Line2 for iPhone
Editor’s Note: The following review is adapted from Five Star Apps: The Best iPhone and iPad Apps for Work and Play by Glenn Fleishman. (2010, Pearson Education and Peachpit Press).
People often complain about the high cost of cellular voice and text-messaging plans relative to the cost of data on the same plan. And that’s a legitimate complaint. Even with the cost of AT&T and international carriers’ metered 3G service for iPhones and 3G iPads, you still pay several cents a minute for cellular calls that would be the equivalent of a penny or less for an Internet call.
Toktumi seems to have figured out a middle ground between pure VoIP services like Skype and pure calling services offered by cell companies. This option could save quite a bit without any apparent sacrifice. The firm’s Line2 app and service provides unlimited calling and text messaging to U.S. and Canadian numbers, as well as voicemail and a variety of call features. You get a “real” phone number, too, with the state and area you choose.

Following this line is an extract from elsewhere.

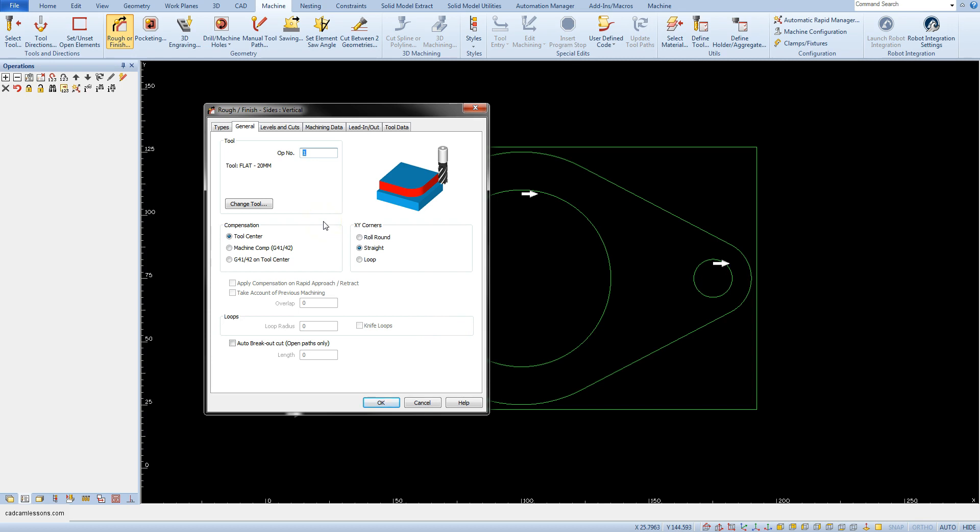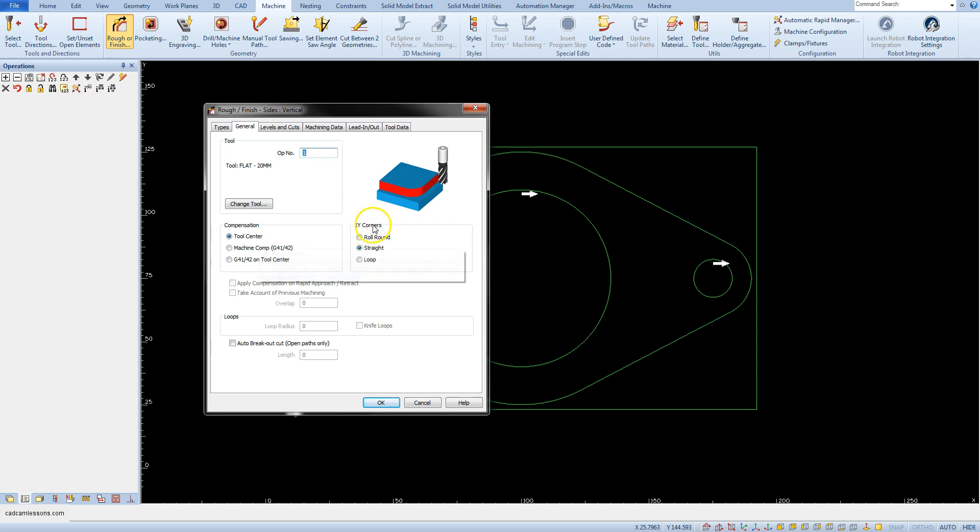We will also come back to other options later. Now set parameters: compensation tool center and XY corners straight.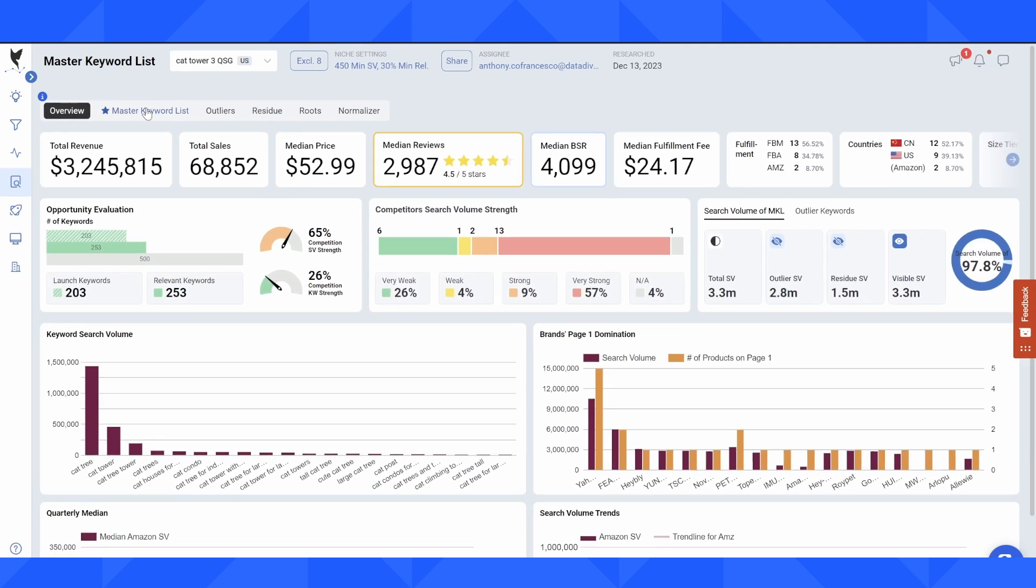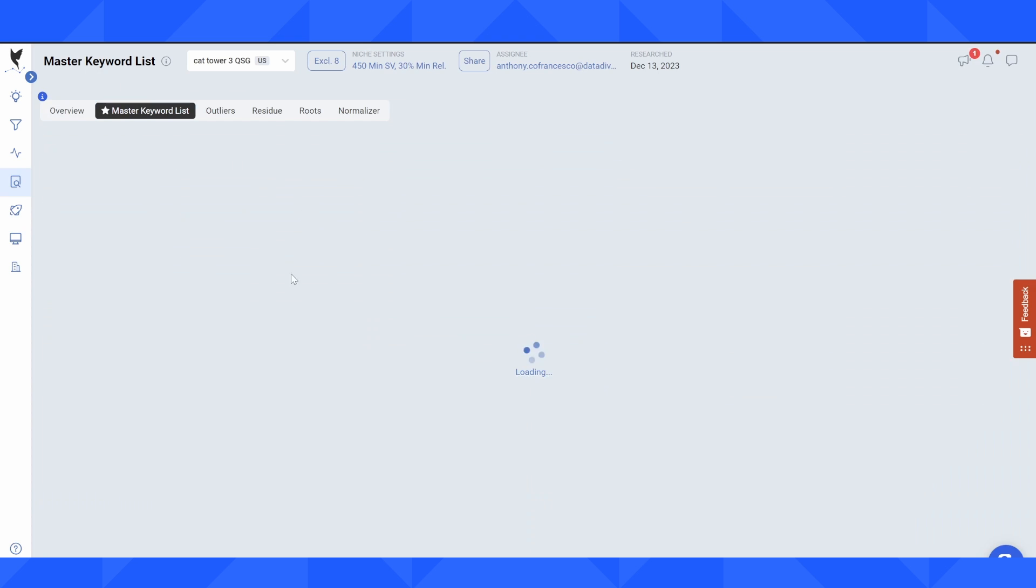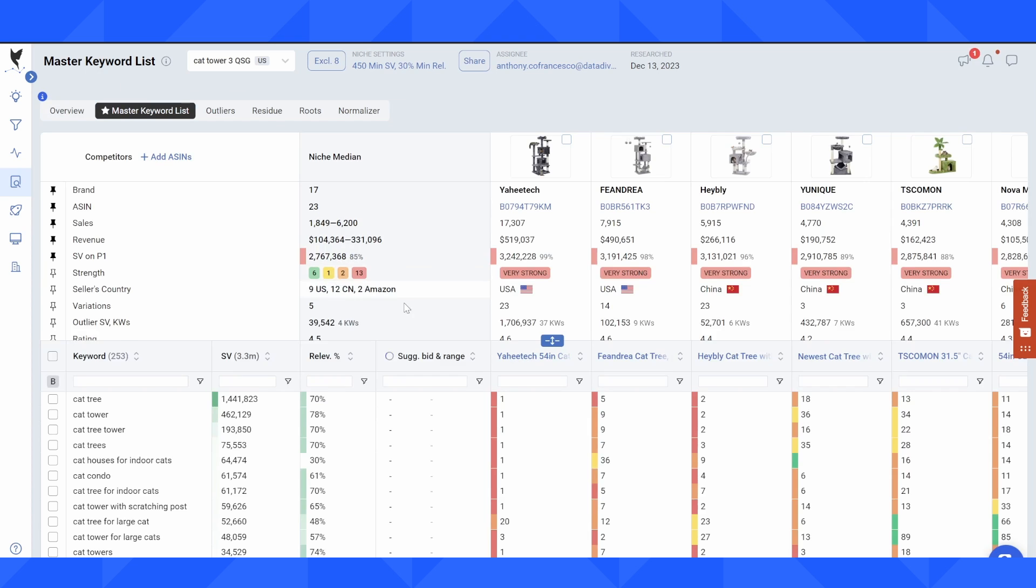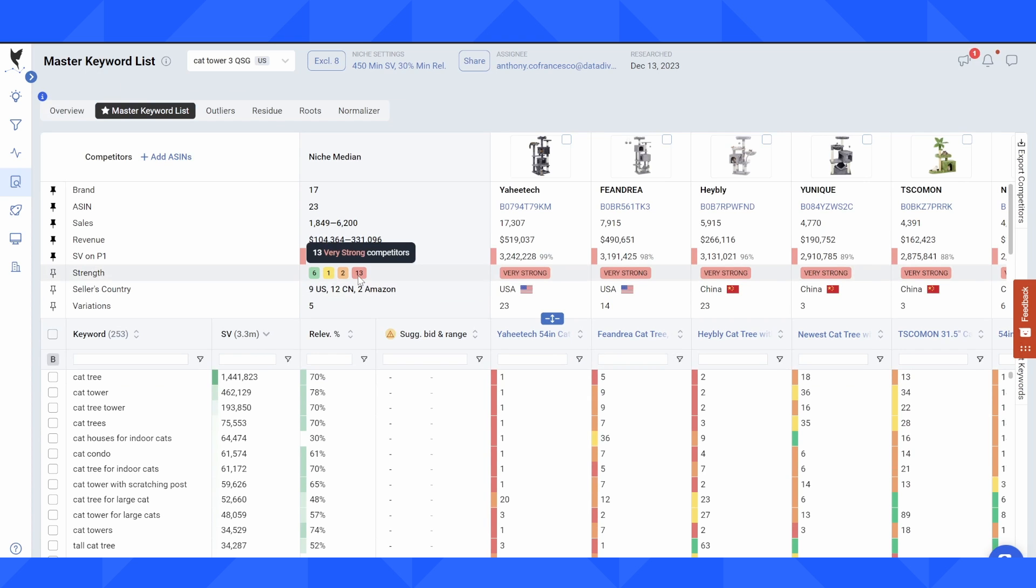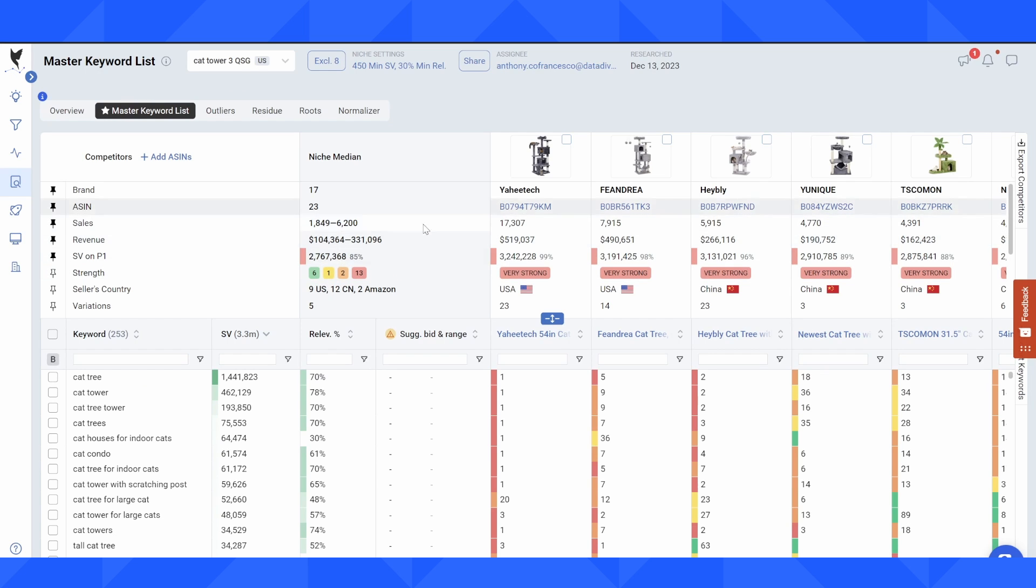So if we go back to the MKL, we can see a breakdown of those numbers here. 13 very strong, two strong, one weak, six very weak. Very quick and easy to get those insights inside of the platform.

Line2 works well with iOS 4 background features: even when the program isn’t running, incoming calls prompt push notifications you can use to answer. If a regular cell call comes while you’re talking over Line2, you can shunt the cell caller to voicemail and resume your Line2 conversation. The software works over both 3G and Wi-Fi. 3G VoIP is initially turned off, as you could rack up cell data fees on limited plans.
Toktumi offers text messaging just like a cell company. This means no compromises about with which other networks you can exchange messages, and no charges for such messages. (Some texting apps work only a subset of U.S. mobile networks.)
Calls outside the U.S. and Canada are charged at relatively low international rates—extremely low compared to the ridiculous prices cell carriers levy.
Line2 also lets you use your cellular connection to handle its calls when, say, the data connection is poor. This keeps the cost of international calls low, and makes sense on evenings and weekends when many cell plans don’t meter voice.